PROBLEM TO WORK ON
Write out all of the data without omission, exactly as shown.

INFORMATION PROVIDED

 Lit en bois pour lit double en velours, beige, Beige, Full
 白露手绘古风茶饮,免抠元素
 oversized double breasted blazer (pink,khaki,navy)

SOLUTION FOR THIS PROBLEM
 Lit en bois pour lit double en velours, beige, Beige, Full
 白露手绘古风茶饮,免抠元素
 oversized double breasted blazer (pink,khaki,navy)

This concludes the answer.